◆ **Aim of the task**
Would you return the listing exactly as written, apart from its pictures?

################

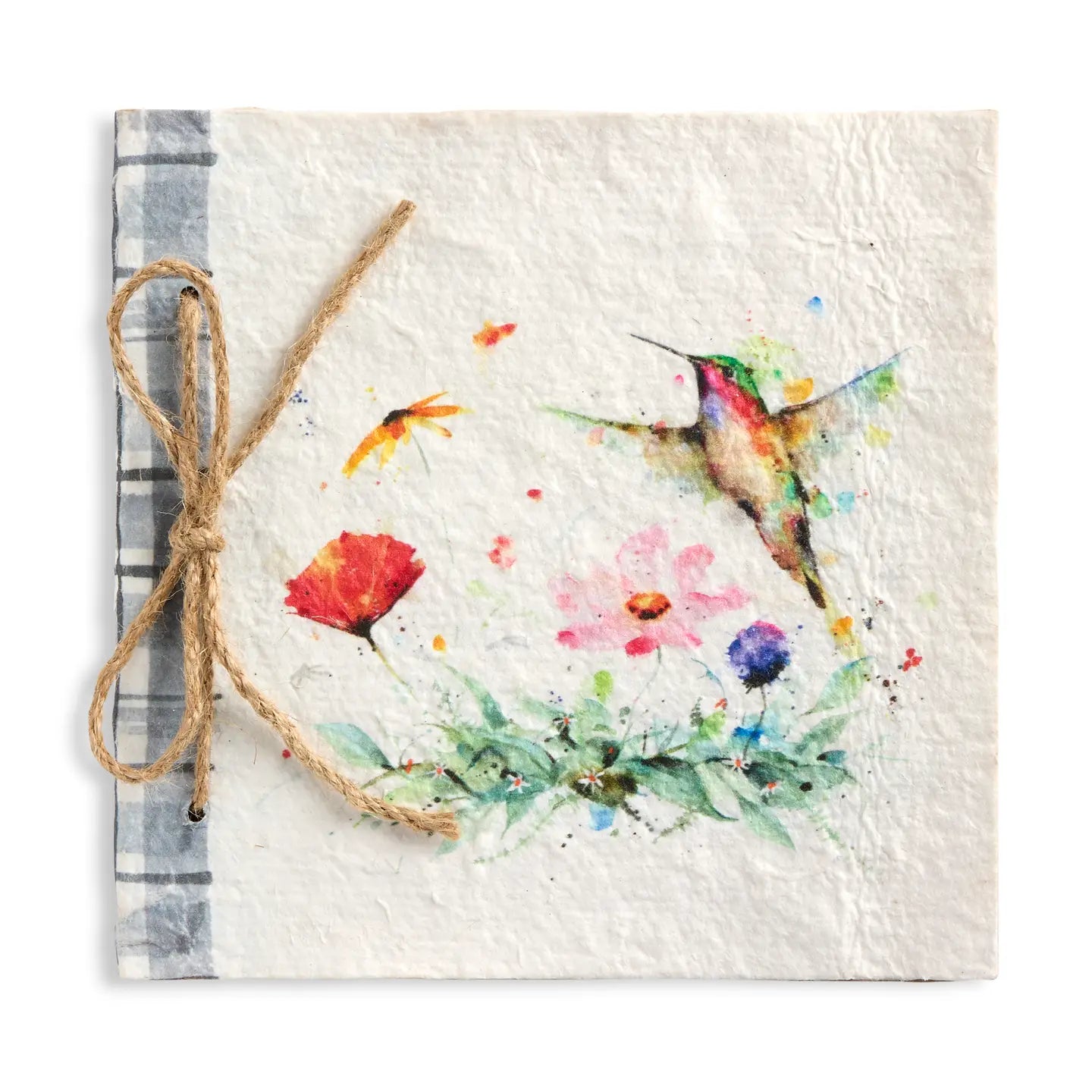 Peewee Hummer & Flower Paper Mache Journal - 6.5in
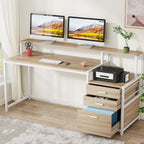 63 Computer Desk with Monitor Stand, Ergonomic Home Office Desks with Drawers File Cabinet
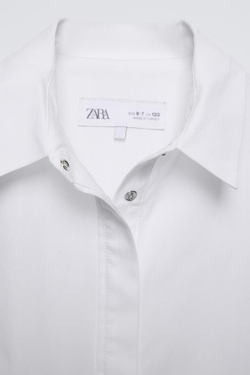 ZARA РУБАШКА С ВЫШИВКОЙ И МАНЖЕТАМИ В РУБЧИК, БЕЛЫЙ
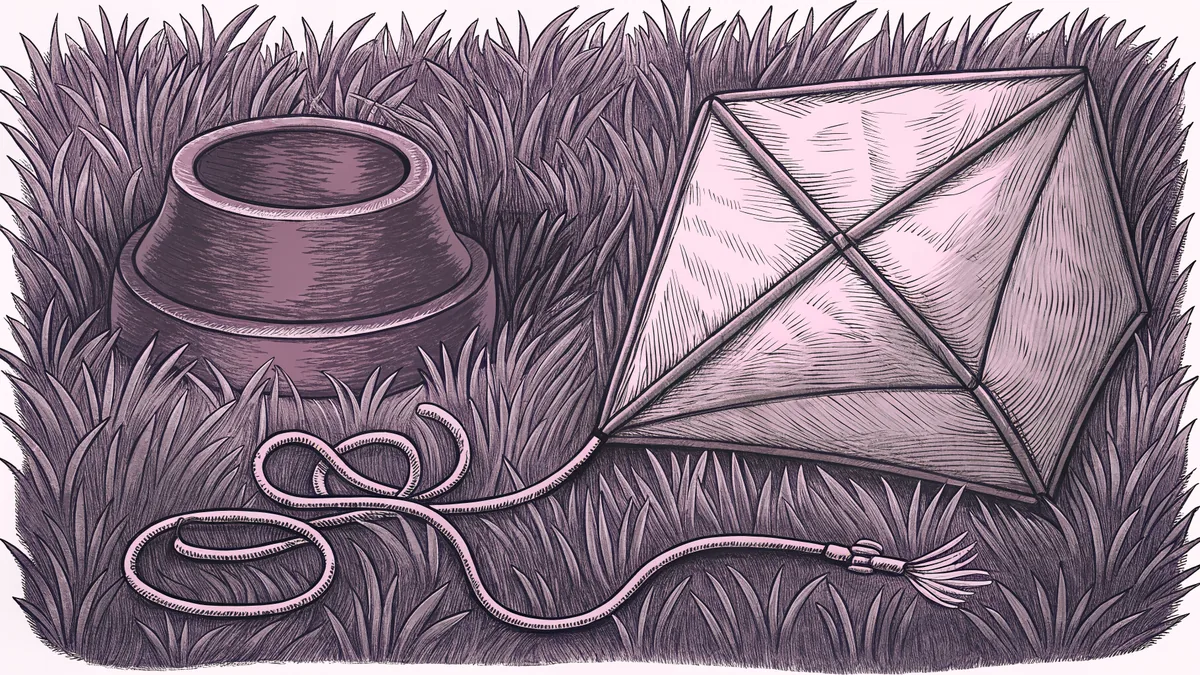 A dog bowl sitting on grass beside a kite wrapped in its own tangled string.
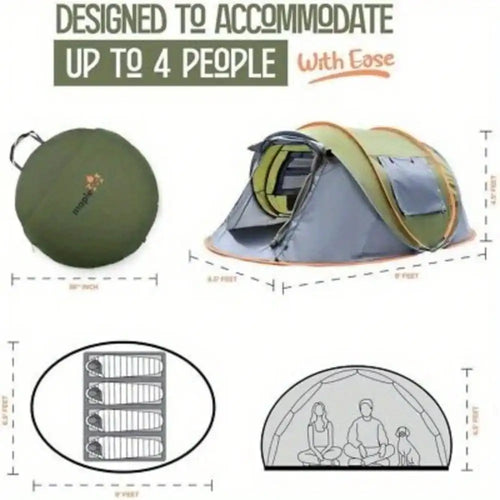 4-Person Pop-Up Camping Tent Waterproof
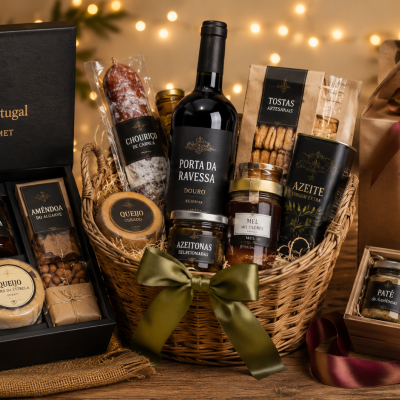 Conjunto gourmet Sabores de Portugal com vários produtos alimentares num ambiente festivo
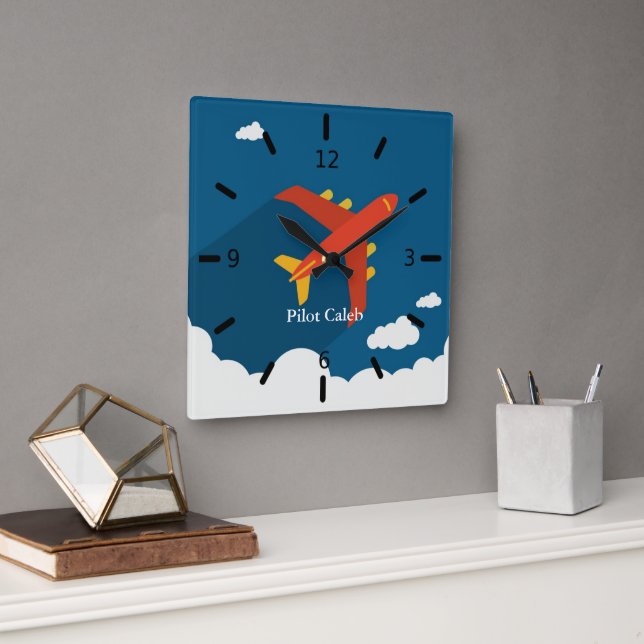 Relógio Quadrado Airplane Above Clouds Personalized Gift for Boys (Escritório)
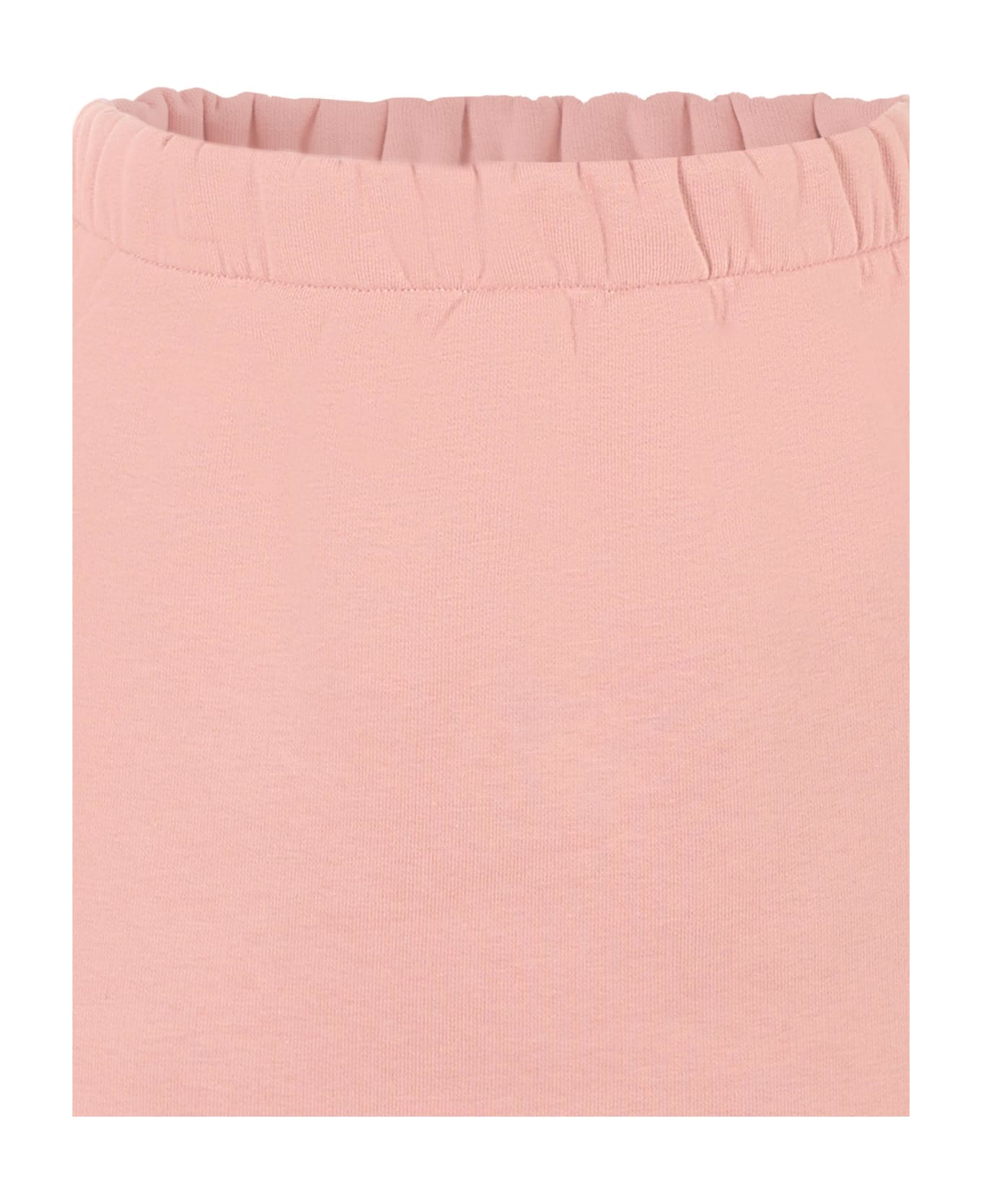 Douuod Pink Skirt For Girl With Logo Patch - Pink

################

◆ **Result below**
 Peewee Hummer & Flower Paper Mache Journal - 6.5in
 63 Computer Desk with Monitor Stand, Ergonomic Home Office Desks with Drawers File Cabinet
 ZARA РУБАШКА С ВЫШИВКОЙ И МАНЖЕТАМИ В РУБЧИК, БЕЛЫЙ
 A dog bowl sitting on grass beside a kite wrapped in its own tangled string.
 4-Person Pop-Up Camping Tent Waterproof
 Conjunto gourmet Sabores de Portugal com vários produtos alimentares num ambiente festivo
 Relógio Quadrado Airplane Above Clouds Personalized Gift for Boys (Escritório)
 Douuod Pink Skirt For Girl With Logo Patch - Pink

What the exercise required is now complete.